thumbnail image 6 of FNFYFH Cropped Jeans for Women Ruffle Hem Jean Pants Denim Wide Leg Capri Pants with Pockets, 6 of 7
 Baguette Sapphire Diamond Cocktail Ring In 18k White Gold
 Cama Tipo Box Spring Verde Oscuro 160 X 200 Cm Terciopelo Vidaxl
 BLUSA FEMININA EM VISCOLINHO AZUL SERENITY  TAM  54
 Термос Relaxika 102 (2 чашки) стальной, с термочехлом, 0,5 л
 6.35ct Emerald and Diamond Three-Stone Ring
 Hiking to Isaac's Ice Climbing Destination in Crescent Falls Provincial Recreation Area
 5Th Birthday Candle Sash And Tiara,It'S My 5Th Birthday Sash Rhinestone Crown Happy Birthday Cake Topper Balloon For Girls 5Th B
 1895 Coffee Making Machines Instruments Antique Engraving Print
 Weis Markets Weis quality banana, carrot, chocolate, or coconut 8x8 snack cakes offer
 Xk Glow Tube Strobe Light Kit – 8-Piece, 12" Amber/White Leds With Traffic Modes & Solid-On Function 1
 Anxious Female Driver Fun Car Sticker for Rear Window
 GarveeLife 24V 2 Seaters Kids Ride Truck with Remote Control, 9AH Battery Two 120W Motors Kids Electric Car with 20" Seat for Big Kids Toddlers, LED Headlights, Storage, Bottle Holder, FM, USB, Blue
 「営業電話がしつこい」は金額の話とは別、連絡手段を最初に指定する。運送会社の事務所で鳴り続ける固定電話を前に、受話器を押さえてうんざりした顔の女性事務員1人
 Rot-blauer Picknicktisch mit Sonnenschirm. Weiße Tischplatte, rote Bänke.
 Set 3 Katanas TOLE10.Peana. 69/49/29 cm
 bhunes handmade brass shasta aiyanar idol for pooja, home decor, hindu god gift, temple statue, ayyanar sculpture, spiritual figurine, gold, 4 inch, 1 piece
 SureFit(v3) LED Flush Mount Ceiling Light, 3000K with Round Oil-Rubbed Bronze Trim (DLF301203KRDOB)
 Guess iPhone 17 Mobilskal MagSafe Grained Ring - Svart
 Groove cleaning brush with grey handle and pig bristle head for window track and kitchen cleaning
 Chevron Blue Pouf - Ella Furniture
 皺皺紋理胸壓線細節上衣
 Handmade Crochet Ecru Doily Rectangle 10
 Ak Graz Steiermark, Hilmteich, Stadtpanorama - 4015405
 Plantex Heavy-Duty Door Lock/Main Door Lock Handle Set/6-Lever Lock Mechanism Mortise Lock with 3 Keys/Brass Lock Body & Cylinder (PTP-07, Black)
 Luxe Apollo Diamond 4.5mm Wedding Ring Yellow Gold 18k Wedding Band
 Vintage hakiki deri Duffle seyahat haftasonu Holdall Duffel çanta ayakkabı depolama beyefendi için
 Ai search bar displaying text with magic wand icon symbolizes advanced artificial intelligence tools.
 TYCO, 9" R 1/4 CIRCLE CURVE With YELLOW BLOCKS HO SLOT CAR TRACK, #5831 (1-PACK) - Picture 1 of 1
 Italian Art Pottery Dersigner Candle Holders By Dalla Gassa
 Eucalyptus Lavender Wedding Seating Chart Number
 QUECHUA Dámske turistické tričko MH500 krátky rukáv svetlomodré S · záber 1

☆ ☆ ☆ ☆ ☆

## Work to be completed
Locate the word "Candle" in the records above, and return each line that has it.

## Answer space
 5Th Birthday Candle Sash And Tiara,It'S My 5Th Birthday Sash Rhinestone Crown Happy Birthday Cake Topper Balloon For Girls 5Th B
 Italian Art Pottery Dersigner Candle Holders By Dalla Gassa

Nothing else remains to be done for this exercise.